# 1 FT wiper blades?



## Dennis (Sep 29, 2008)

My Honda HRV instruction book describes in detail with pictures how easy it is to replace the rear screen wiper blade rubber without having to buy the whole rear wiper assembly arm :clap2:

Unfortunately so far i have been unable to find a windscreen wiper blade anywhere that is 1ft (30 cms ) long 

There are some pretty small motors driving around Portugal, those little two seat cars Aixam (spelling) spring to mind, what size blades do they use?

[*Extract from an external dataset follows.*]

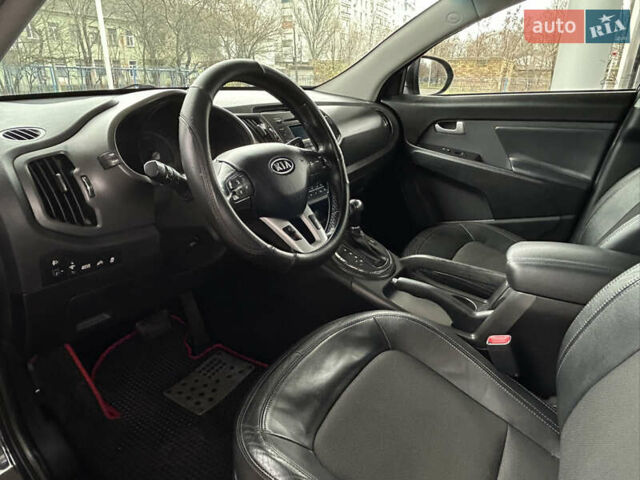 Серый Киа Sportage, объемом двигателя 2 л и пробегом 279 тыс. км за 13799 $, фото 6 на Automoto.ua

Anyone know where i can get a 1ft wiper blade?


----------



## travelling-man (Jun 17, 2011)

Probably the easiest way is to use Amazon or E-Bay


----------



## Dennis (Sep 29, 2008)

travelling-man said:


> Probably the easiest way is to use Amazon or E-Bay


Probably right.


----------



## canoeman (Mar 3, 2011)

Look in your local supermarket Continente generally better than Intermarche for car spares or you've Norauto Pneus Baratos, Peças Auto, Oficina Auto, Autoradio, Revisão Automóvel - Norauto at Coimbra


----------



## Dennis (Sep 29, 2008)

canoeman said:


> Look in your local supermarket Continente generally better than Intermarche for car spares or you've Norauto Pneus Baratos, Peças Auto, Oficina Auto, Autoradio, Revisão Automóvel - Norauto at Coimbra


Thanks Canoe
I wondered what Portuguese owners of HRVs did in this situation so joined the HRV owners group Portugal the vast majority of whom just buy a standard blade from a supermarket and cut to size........the Honda item is 20+ euros


----------



## Dennis (Sep 29, 2008)

Update 
In the end following advice from members of the HRV Portugal forum i bought a single 35cm blade from Intermarche for 4.99 and cut to size, easy peasy........if it lasts a year at that price i`m happy. 
I count myself lucky that the rear wiper on a Honda HRV isn`t a fancy model specific job.


----------